[32547] in Perl-Users-Digest

home help back first fref pref prev next nref lref last post

Perl-Users Digest, Issue: 3812 Volume: 11

daemon@ATHENA.MIT.EDU (Perl-Users Digest)
Mon Nov 5 18:14:22 2012

Date: Mon, 5 Nov 2012 15:14:10 -0800 (PST)
From: Perl-Users Digest <Perl-Users-Request@ruby.OCE.ORST.EDU>
To: Perl-Users@ruby.OCE.ORST.EDU (Perl-Users Digest)

Perl-Users Digest           Mon, 5 Nov 2012     Volume: 11 Number: 3812

Today's topics:
    Re: Why "Wide character in print"? <ben@morrow.me.uk>
    Re: Why "Wide character in print"? <ben@morrow.me.uk>
    Re: Why "Wide character in print"? <rweikusat@mssgmbh.com>
    Re: Why "Wide character in print"? <rweikusat@mssgmbh.com>
    Re: Why "Wide character in print"? <hjp-usenet2@hjp.at>
    Re: Why "Wide character in print"? <ben@morrow.me.uk>
    Re: Why was suid support dropped in perl? <ben@morrow.me.uk>
        Digest Administrivia (Last modified: 6 Apr 01) (Perl-Users-Digest Admin)

----------------------------------------------------------------------

Date: Mon, 5 Nov 2012 19:10:46 +0000
From: Ben Morrow <ben@morrow.me.uk>
Subject: Re: Why "Wide character in print"?
Message-Id: <miflm9-gh41.ln1@anubis.morrow.me.uk>


Quoth Helmut Richter <hhr-m@web.de>:
> On Mon, 29 Oct 2012, Peter J. Holzer wrote:
> 
> > However, for most programs you don't have to know that Perl character
> > strings are Unicode strings.
> 
> Are they?
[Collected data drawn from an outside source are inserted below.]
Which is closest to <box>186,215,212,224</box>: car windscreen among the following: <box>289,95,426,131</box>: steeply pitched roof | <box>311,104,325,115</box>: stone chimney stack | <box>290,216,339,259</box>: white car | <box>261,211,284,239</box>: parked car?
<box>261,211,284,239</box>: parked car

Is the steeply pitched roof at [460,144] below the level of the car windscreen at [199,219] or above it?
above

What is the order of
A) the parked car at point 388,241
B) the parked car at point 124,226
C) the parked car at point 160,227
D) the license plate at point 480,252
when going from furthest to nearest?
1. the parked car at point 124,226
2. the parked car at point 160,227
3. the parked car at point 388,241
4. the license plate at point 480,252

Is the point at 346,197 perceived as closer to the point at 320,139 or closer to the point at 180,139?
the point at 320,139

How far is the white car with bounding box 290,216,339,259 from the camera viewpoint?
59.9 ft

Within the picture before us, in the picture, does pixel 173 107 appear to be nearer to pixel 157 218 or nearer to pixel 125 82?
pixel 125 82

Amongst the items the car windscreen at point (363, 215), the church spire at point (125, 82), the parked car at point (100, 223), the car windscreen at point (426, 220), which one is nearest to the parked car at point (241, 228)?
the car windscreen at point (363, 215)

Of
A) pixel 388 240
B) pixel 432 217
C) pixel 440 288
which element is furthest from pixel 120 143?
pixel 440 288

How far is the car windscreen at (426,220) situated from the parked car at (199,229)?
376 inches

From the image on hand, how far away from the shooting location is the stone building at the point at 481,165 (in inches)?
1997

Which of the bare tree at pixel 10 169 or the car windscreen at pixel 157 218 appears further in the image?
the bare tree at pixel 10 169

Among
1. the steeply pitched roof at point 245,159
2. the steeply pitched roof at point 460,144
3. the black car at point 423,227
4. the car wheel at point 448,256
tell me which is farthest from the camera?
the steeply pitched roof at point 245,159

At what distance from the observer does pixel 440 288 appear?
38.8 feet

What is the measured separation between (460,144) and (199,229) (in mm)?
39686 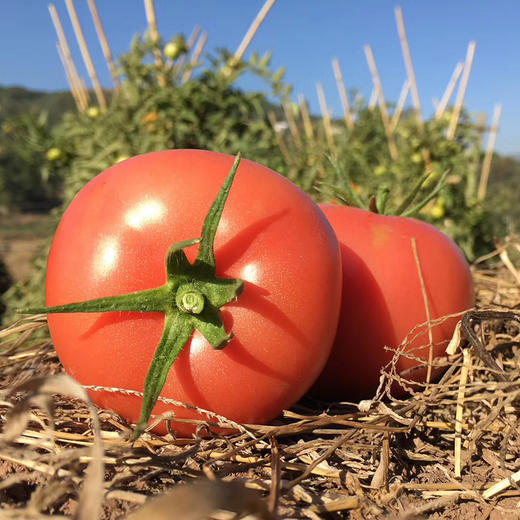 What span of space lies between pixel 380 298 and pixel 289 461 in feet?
0.95

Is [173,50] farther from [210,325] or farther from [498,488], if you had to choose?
[498,488]

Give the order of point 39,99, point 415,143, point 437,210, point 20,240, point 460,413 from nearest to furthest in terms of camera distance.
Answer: point 460,413
point 437,210
point 415,143
point 20,240
point 39,99

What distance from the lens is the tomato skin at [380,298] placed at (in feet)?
2.62

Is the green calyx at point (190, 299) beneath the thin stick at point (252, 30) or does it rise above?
beneath

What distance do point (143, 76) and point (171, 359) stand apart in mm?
1758

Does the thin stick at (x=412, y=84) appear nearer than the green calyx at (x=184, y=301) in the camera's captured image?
No

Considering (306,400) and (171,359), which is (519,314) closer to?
(306,400)

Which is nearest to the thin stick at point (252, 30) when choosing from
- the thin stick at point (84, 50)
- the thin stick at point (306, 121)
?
the thin stick at point (84, 50)

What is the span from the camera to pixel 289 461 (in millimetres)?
636

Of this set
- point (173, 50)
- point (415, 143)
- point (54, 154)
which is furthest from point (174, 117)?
point (415, 143)

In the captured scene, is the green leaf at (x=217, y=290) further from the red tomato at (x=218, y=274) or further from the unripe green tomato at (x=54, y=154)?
the unripe green tomato at (x=54, y=154)

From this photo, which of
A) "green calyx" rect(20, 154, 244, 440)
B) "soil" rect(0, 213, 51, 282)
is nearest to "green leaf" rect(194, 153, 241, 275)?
"green calyx" rect(20, 154, 244, 440)

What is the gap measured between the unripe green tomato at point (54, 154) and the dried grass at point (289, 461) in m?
2.04

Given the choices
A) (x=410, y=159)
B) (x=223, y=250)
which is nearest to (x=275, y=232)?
(x=223, y=250) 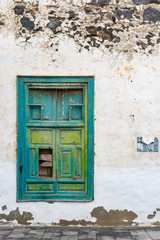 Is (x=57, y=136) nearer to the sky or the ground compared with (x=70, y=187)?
nearer to the sky

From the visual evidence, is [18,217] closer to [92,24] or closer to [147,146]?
[147,146]

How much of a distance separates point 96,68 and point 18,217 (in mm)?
2570

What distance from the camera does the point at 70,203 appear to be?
4.13 metres

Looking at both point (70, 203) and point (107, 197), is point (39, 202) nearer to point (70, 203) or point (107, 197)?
point (70, 203)

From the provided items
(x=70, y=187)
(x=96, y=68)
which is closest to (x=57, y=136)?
(x=70, y=187)

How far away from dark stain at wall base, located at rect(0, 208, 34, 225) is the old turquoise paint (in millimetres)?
223

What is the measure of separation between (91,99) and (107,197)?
1.52 m

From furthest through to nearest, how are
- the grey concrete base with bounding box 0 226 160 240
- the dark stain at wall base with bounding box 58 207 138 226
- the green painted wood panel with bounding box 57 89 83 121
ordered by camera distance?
1. the green painted wood panel with bounding box 57 89 83 121
2. the dark stain at wall base with bounding box 58 207 138 226
3. the grey concrete base with bounding box 0 226 160 240

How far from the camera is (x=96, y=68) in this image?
4.12m

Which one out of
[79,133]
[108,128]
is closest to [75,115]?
[79,133]

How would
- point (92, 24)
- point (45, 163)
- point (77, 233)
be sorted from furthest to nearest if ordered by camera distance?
point (45, 163) < point (92, 24) < point (77, 233)

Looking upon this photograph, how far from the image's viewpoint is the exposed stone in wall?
411cm

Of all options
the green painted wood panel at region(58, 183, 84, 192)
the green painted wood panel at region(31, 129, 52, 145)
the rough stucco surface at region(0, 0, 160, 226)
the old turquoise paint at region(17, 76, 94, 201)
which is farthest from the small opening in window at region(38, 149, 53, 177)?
the rough stucco surface at region(0, 0, 160, 226)

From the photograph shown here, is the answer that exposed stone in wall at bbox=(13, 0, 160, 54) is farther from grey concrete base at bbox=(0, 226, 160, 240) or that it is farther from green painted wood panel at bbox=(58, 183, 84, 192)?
grey concrete base at bbox=(0, 226, 160, 240) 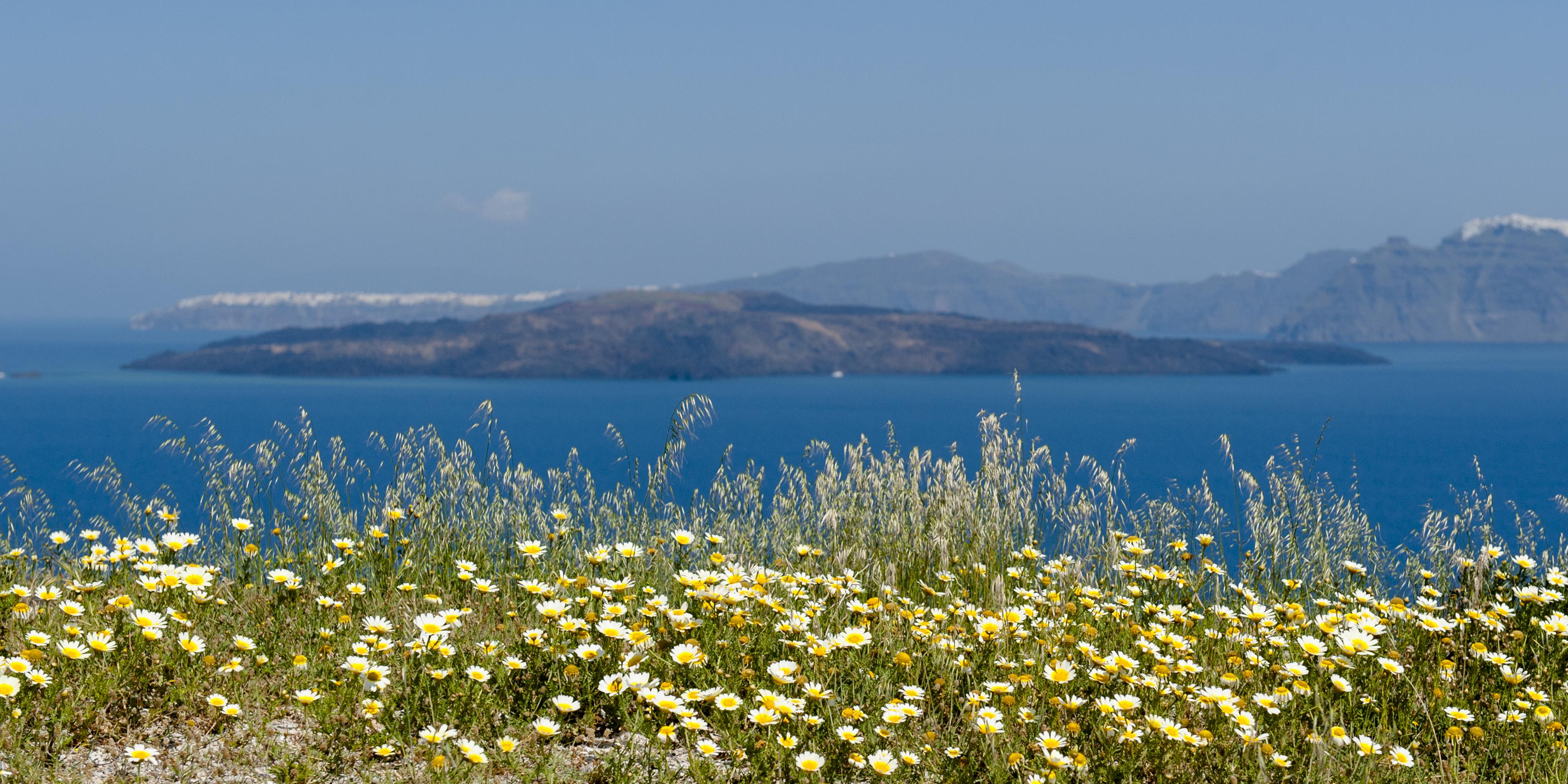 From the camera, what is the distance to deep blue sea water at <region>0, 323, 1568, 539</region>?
76062mm

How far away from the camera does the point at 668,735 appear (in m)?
3.39

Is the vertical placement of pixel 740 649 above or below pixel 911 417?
above

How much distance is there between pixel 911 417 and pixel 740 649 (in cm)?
11309

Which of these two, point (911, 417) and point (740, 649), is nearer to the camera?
point (740, 649)

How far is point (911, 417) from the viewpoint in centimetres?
11669

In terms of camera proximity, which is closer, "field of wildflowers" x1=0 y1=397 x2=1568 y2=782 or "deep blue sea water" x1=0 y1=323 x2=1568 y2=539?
"field of wildflowers" x1=0 y1=397 x2=1568 y2=782

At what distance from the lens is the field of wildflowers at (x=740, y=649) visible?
3824 mm

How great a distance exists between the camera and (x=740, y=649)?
4.50 m

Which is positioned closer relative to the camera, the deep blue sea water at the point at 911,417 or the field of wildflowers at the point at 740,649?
the field of wildflowers at the point at 740,649

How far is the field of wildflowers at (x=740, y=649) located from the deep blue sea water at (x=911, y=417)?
34276 mm

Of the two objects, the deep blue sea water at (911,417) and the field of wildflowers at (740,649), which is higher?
the field of wildflowers at (740,649)

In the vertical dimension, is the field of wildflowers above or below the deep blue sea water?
above

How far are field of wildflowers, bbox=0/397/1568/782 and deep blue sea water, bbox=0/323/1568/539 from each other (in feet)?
112

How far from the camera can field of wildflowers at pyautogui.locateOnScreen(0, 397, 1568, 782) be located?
3824mm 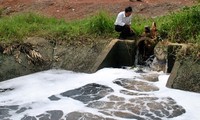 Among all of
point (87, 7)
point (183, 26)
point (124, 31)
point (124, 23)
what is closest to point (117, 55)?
point (124, 31)

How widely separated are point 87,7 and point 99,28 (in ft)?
14.5

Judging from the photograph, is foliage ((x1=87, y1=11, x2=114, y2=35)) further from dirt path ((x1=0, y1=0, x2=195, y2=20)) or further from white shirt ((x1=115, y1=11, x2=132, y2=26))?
dirt path ((x1=0, y1=0, x2=195, y2=20))

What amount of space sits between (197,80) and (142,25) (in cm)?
324


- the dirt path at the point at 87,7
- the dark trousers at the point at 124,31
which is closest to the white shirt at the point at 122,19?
the dark trousers at the point at 124,31

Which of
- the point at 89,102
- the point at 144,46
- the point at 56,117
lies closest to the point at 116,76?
the point at 144,46

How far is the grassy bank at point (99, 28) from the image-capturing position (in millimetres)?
10266

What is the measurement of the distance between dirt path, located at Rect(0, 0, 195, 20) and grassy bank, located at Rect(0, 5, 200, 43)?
217 cm

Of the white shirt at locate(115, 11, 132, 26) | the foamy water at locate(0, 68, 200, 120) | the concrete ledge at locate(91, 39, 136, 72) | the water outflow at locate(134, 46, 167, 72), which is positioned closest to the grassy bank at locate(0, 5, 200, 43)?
the white shirt at locate(115, 11, 132, 26)

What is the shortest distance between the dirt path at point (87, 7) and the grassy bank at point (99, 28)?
7.12 ft

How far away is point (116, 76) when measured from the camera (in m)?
10.0

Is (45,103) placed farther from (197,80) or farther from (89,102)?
(197,80)

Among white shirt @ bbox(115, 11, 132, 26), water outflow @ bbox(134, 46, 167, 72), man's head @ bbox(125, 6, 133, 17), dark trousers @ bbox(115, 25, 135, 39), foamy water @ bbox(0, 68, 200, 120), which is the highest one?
man's head @ bbox(125, 6, 133, 17)

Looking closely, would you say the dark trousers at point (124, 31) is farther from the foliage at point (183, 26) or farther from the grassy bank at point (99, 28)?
the foliage at point (183, 26)

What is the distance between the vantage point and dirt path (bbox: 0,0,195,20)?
581 inches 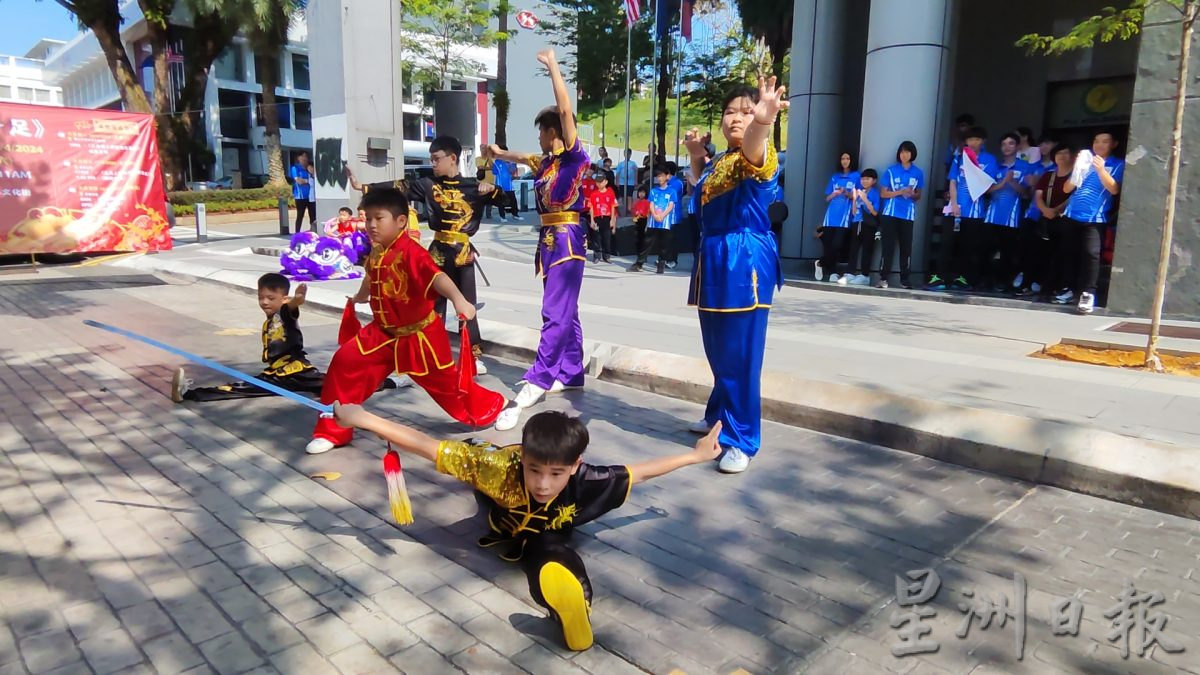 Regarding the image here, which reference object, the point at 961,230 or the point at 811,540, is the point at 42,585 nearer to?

They are strings of characters that are contained in Unicode. They
> are not necessarily internally encoded as Unicode.  People run into problems
> when they make assumptions about the way they are implemented. I would have
> worded:
> 
>   For all programs you must not pretend to know that Perl character strings
>   are Unicode strings.

Perl strings are (nearly) always *Unicode* strings; this is not the same
as saying they are internally represented in any particular encoding of
Unicode. uc(chr(97)) eq chr(65), for instance, and uc(chr(0x450)) eq
chr(0x400). What you must (pretend to) not know is that they are
sometimes internally represented in UTF-8 and sometimes in ISO8859-1; in
principle the internal representation could be changed to UCS-4 or
something else sane without breaking anything. 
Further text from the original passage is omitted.